Exercise> Your output should be the lines below from the one with "DAIHATSU TANTO" through the one with "Olvy Blocs Magnétiques", copied exactly, pictures excluded.

Records to use>
--------------------
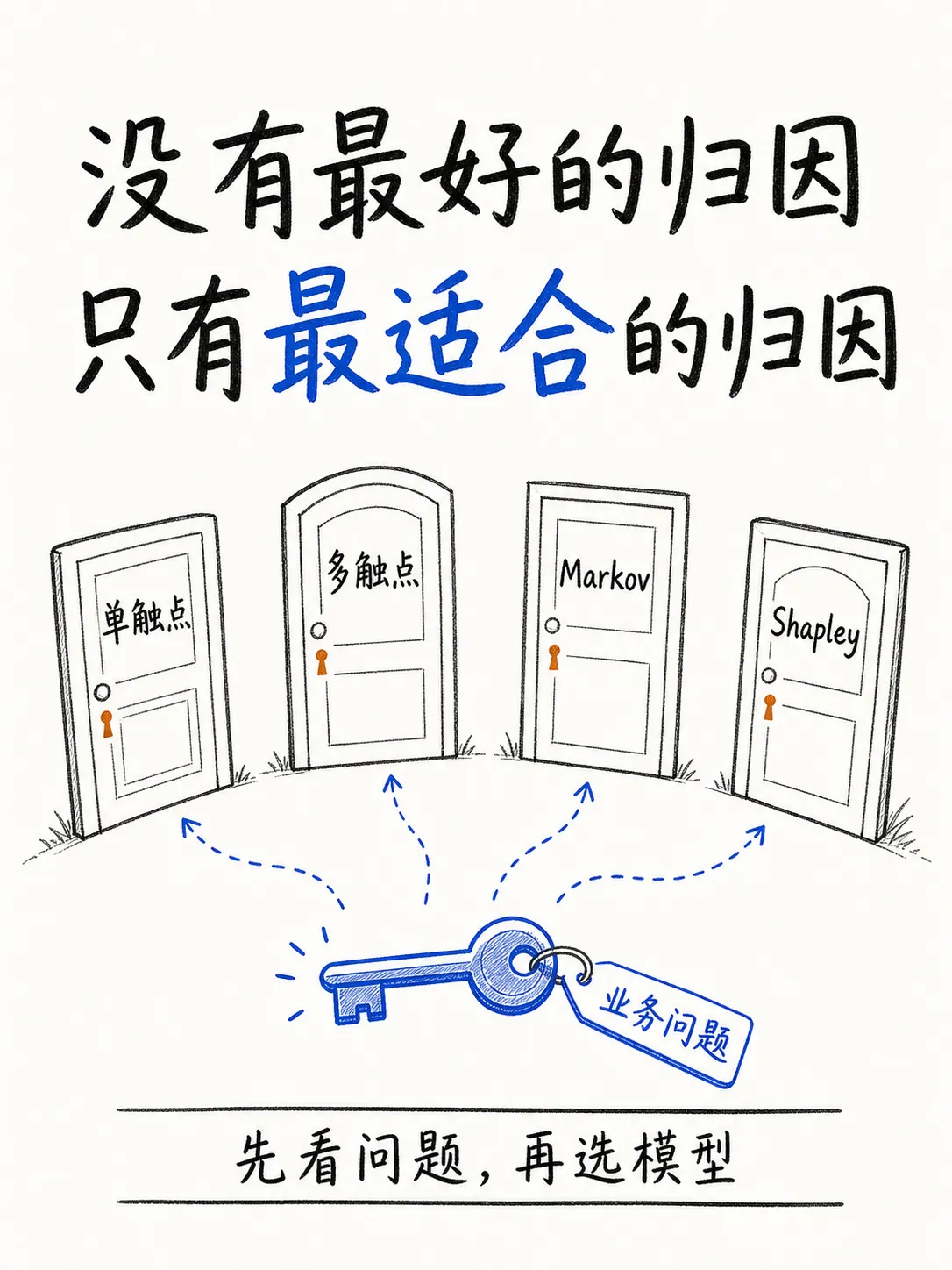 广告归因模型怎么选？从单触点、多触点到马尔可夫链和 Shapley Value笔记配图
--------------------
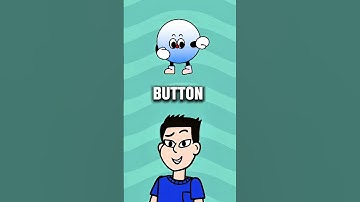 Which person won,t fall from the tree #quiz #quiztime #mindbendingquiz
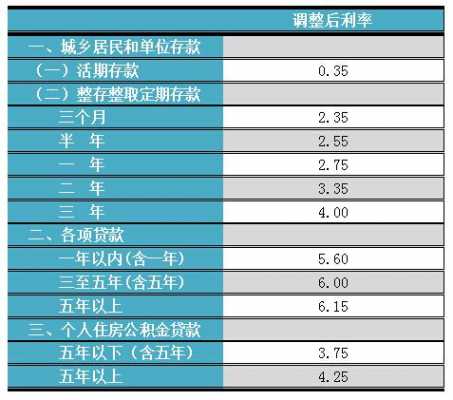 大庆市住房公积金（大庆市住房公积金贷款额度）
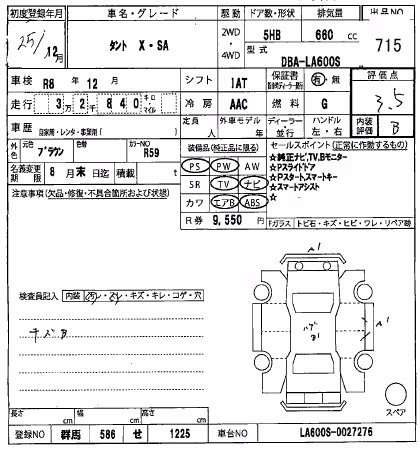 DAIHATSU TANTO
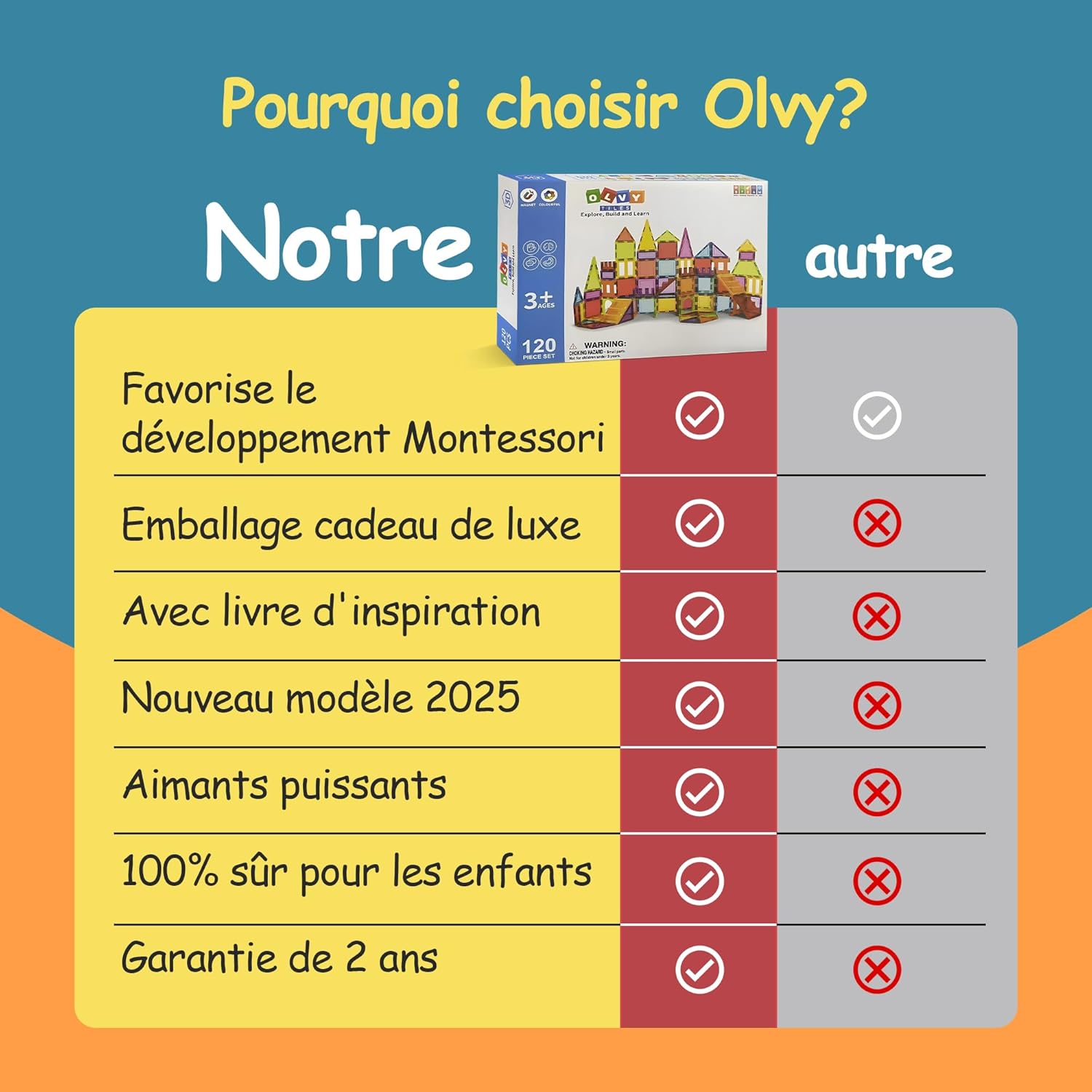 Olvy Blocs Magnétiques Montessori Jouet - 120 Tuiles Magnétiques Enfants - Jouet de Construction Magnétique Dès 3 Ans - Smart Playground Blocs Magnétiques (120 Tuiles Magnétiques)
--------------------
Reply to the task>
 DAIHATSU TANTO
 Olvy Blocs Magnétiques Montessori Jouet - 120 Tuiles Magnétiques Enfants - Jouet de Construction Magnétique Dès 3 Ans - Smart Playground Blocs Magnétiques (120 Tuiles Magnétiques)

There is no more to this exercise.